At the beginning of the week, it was Jan. 1, and you got up, tightened your belt, felt your morals create a little spiritual muffin top, and thought something like, “This year will be different! I will pay my taxes on time, and floss!”
Then, a couple of days later, you loosened that belt a notch or two and poured yourself a large bourbon to steel yourself against your yawning panic at the very idea of the next 12 months. How, only six days after you solemnly made your pledges, is it that your morals are wearing a figurative muumuu and you're eating mayonnaise for breakfast?

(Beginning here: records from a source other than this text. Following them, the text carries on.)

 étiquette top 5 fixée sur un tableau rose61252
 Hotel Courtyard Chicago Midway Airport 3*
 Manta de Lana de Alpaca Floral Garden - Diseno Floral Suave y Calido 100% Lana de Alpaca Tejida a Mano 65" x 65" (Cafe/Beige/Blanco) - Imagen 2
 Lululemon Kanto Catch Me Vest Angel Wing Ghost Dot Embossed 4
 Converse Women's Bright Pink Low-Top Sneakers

An idiot once said, “Shoot for the moon, and if you miss, you'll land among the stars.” This is patently false. You are not an astronaut. If you're hubristic enough to make a real go of jumping to the moon, you will simply find yourself in outer space without a proper suit, where you'll simultaneously asphyxiate and freeze to death.
Better to shoot for things in your own atmosphere. Shoot for, say, the garbage can, because the apple core will wind up at least near the can and someone is bound to come along eventually and put it in.

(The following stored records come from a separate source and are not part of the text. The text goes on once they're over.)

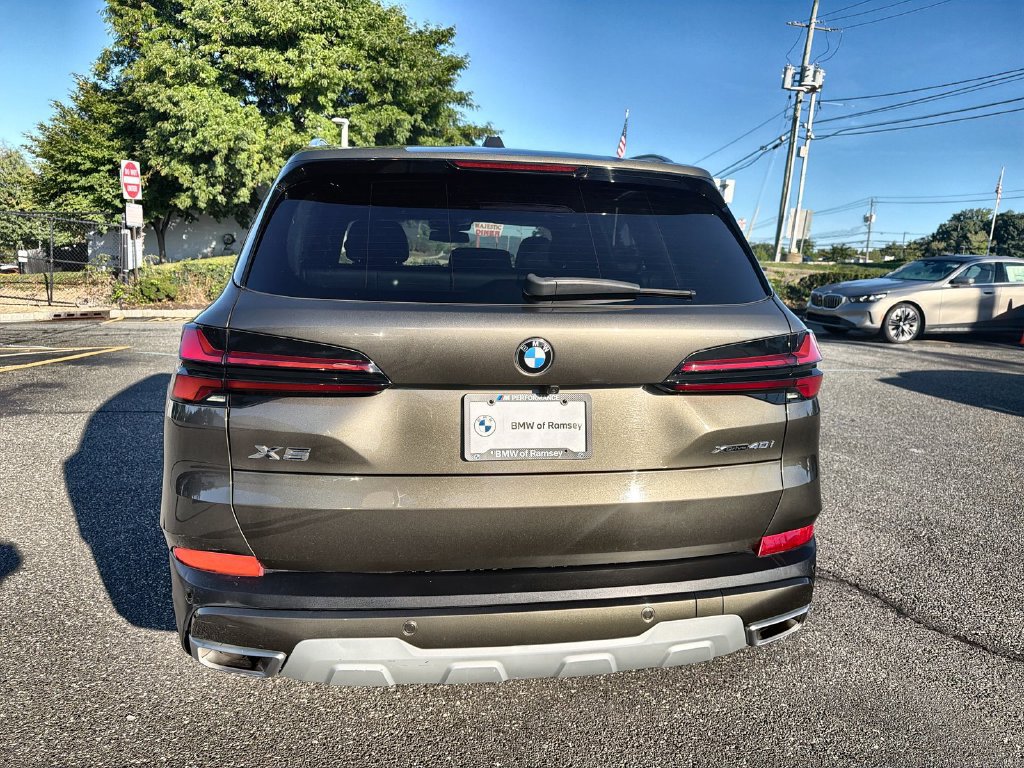 Used 2024 BMW X5 xDrive40i w/ Premium Package AWD/4WD image 13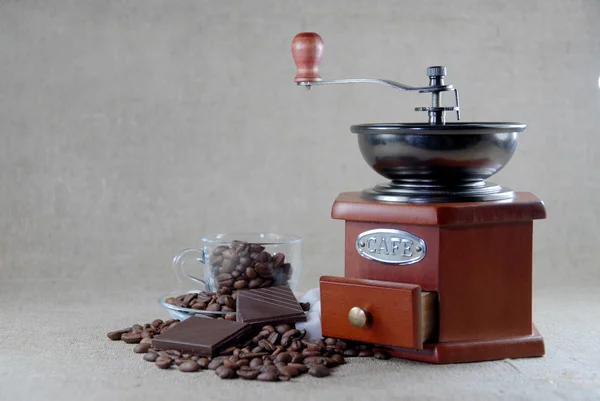 Dřevěný mlýnek na kávu — Stock fotografie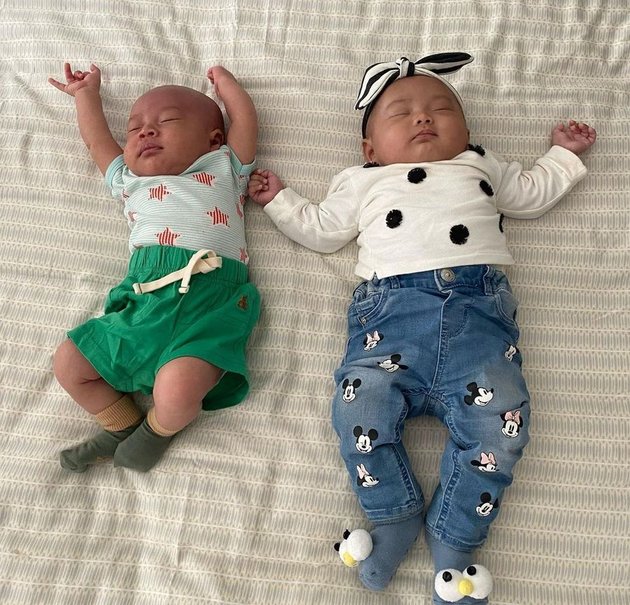 9 Portraits of Playdate Baby Rayyanza and Meshwa, Denny Cagur's Daughter, Adorable Baby Sultan - Netizens Hope They Will Be Matched
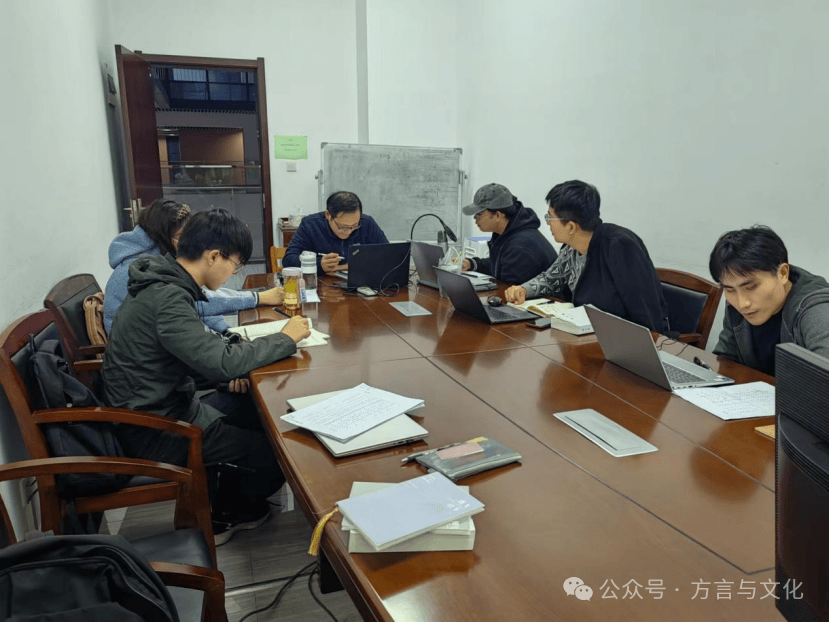 方言读书会——珞珈山下好读书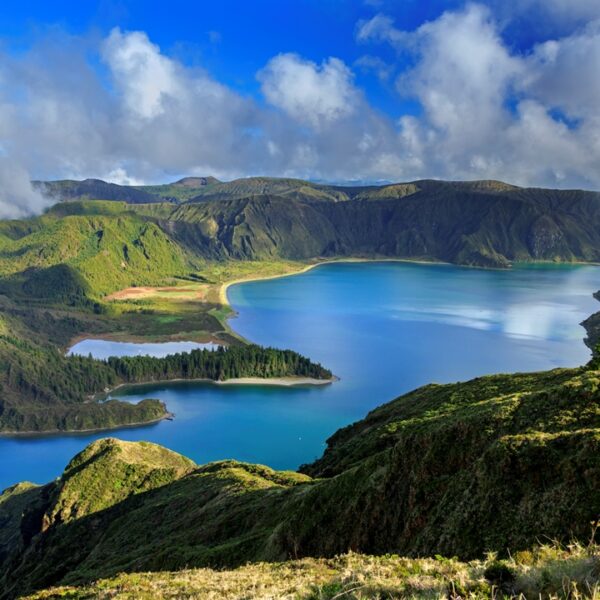 Panorama aereo sul Lagoa do Fogo e la Valle Verde, sull'isola di São Miguel, Azzorre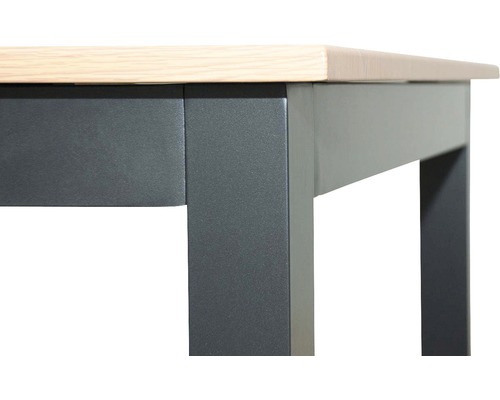 Detail stolu s dřevěnou deskou a kovovými nohami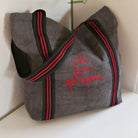 Design Schultertasche „Ich bin getragen“ – Sign by Jwala®, Limited Edition, hochwertiges Unikat, nachhaltige Tragetasche für Naturgenuss, Reisen und bewusste Konsument*innen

Here are a few other simple ways to rework your resolutions.
Declaration: “I will stop spending all my money as if I am Jay-Z.”
Infraction: You gave away a bunch of your cash, because life is expensive. You bought a house, some food and lots of pairs of spats. You had to! It's 2012 and if you're going to stand a fighting chance of making it through the year, you're going to need a safe place to live, a full stomach and elegant footwear.
But every time you made a purchase you closed your eyes, handed over your credit card and screamed, “ This isn't happening!” Now you owe $120,000 to various financial institutions.
Modification: Putting $500 a month aside for a rainy day was never going to happen. There was no way you were going to start using an Excel spreadsheet. (What is a spreadsheet, even? It sounds perverted.)
The smaller, achievable victory lies in not giving Apple $1,000 every time it makes a doodad that is one-eighth of a pound lighter than the doodad you currently own.
Declaration: I will finish my novel about fishing (or whatever big task has been causing me to suffer anxiety attacks and my doctor to prescribe me Klonopin).
Infraction: You have been playing a lot of Skyrim. Your character is already a Level 67 Spells-
word Werewolf and Archmage of the College of Winterhold. You are extremely dehydrated.
Modification: Drink some water from the tap and give the video game and console to your sad, repressed friend, whose life actually could be enriched by the experience of jumping off a mountain while riding a beautiful stolen horse.
Declaration: I will drink less alcohol and quit smoking whatever it is I'm smoking.
Infraction: You found $5 in the pocket of your old winter coat and celebrated by consuming a cheap bottle of Zinfandel and smoking 32 Craven A's, then yelled at passersby about how the vogue for cooking sous-vide is a “totally stupid [expletives deleted] trend!”
Modification: Put the money you find in your pockets in an empty peanut-butter jar until you can afford your own sous-vide machine, allowing you to enjoy this clever way of infusing meat with a complex flavour profile.
Declaration: I will make love to my partner more and empty the dishwasher when he/she asks.
Infraction: You kept saying to yourself, “Oh, what's the point?”
Modification: Just do it, you slouch! Both tasks simply involve stacking one thing on top of the other, and take only about 2½ minutes.